#### Data records
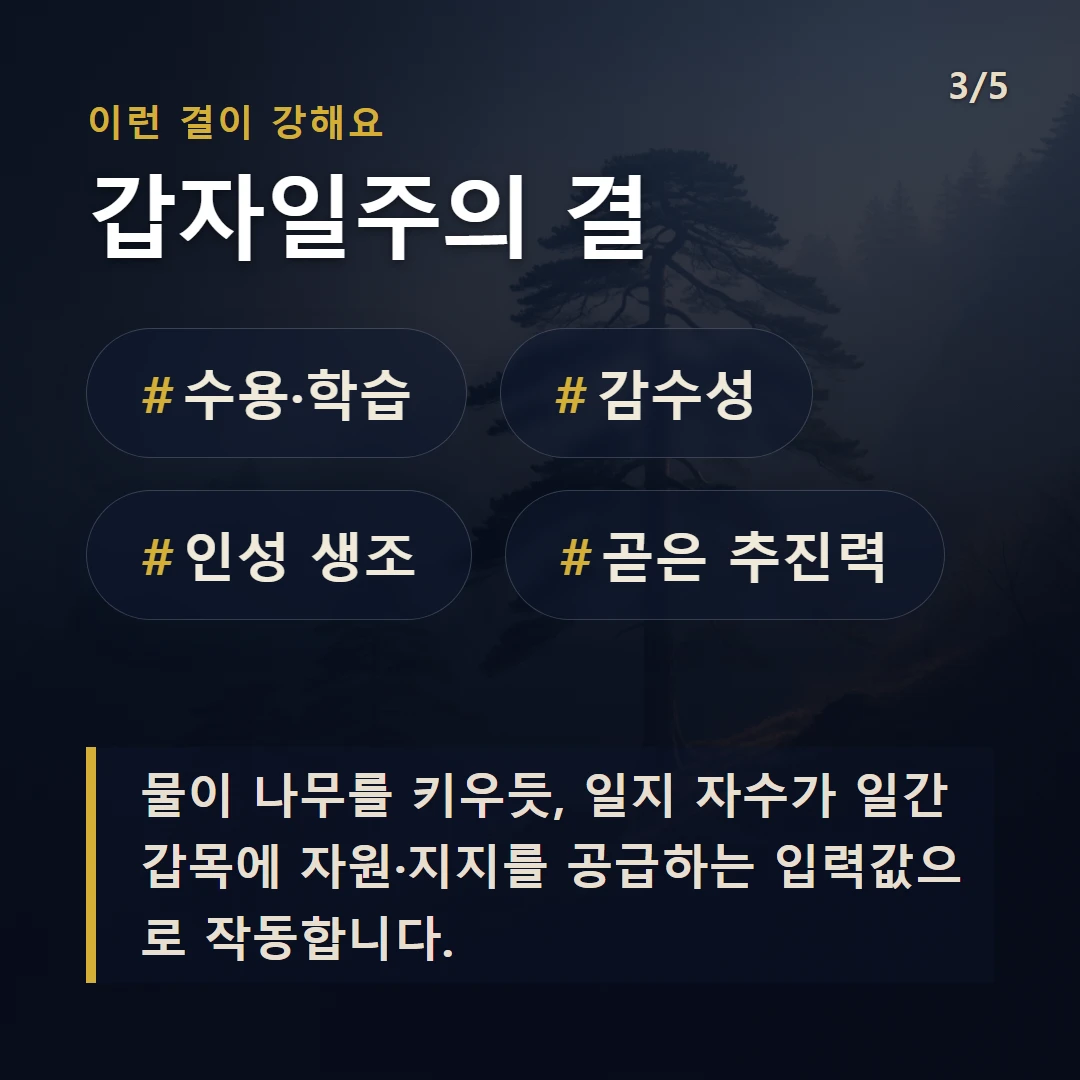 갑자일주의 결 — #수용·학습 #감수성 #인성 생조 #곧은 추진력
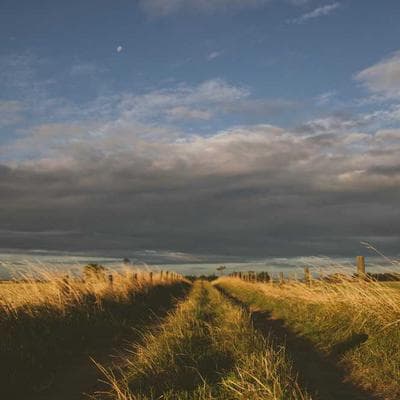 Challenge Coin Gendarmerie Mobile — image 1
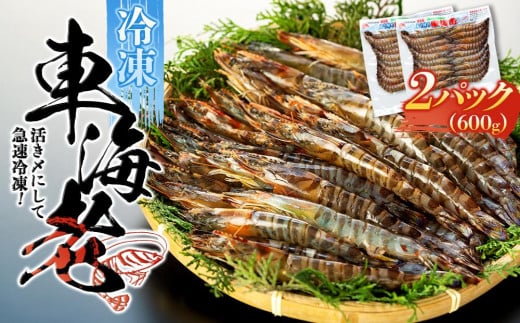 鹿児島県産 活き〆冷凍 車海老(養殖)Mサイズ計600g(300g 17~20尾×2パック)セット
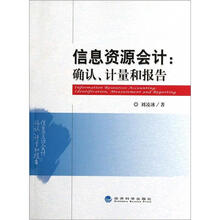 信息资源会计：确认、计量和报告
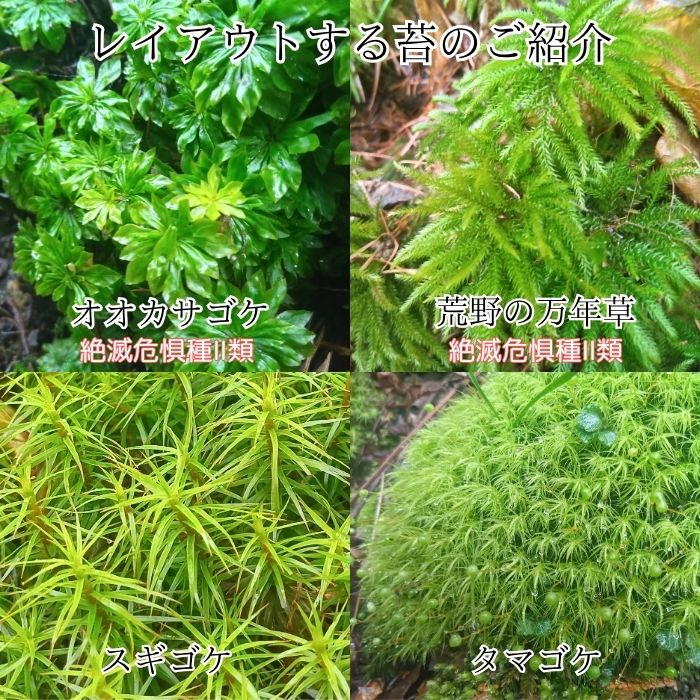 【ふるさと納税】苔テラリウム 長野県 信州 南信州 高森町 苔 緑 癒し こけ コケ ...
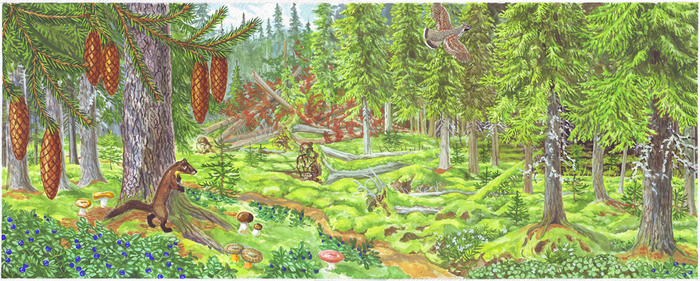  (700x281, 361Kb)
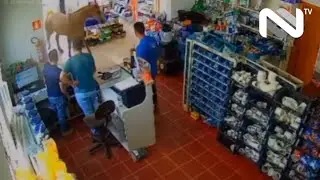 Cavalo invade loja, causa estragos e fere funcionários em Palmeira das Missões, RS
########
• _Task goal_
Beginning with the line containing "鹿児島県産 活き〆冷凍 車海老(養殖)Mサイズ計600g(300g" and ending with the last line of the data above, repeat each line exactly. Include no pictures and no other lines.

• _Exercise answer_
 鹿児島県産 活き〆冷凍 車海老(養殖)Mサイズ計600g(300g 17~20尾×2パック)セット
 信息资源会计：确认、计量和报告
 【ふるさと納税】苔テラリウム 長野県 信州 南信州 高森町 苔 緑 癒し こけ コケ ...
  (700x281, 361Kb)
 Cavalo invade loja, causa estragos e fere funcionários em Palmeira das Missões, RS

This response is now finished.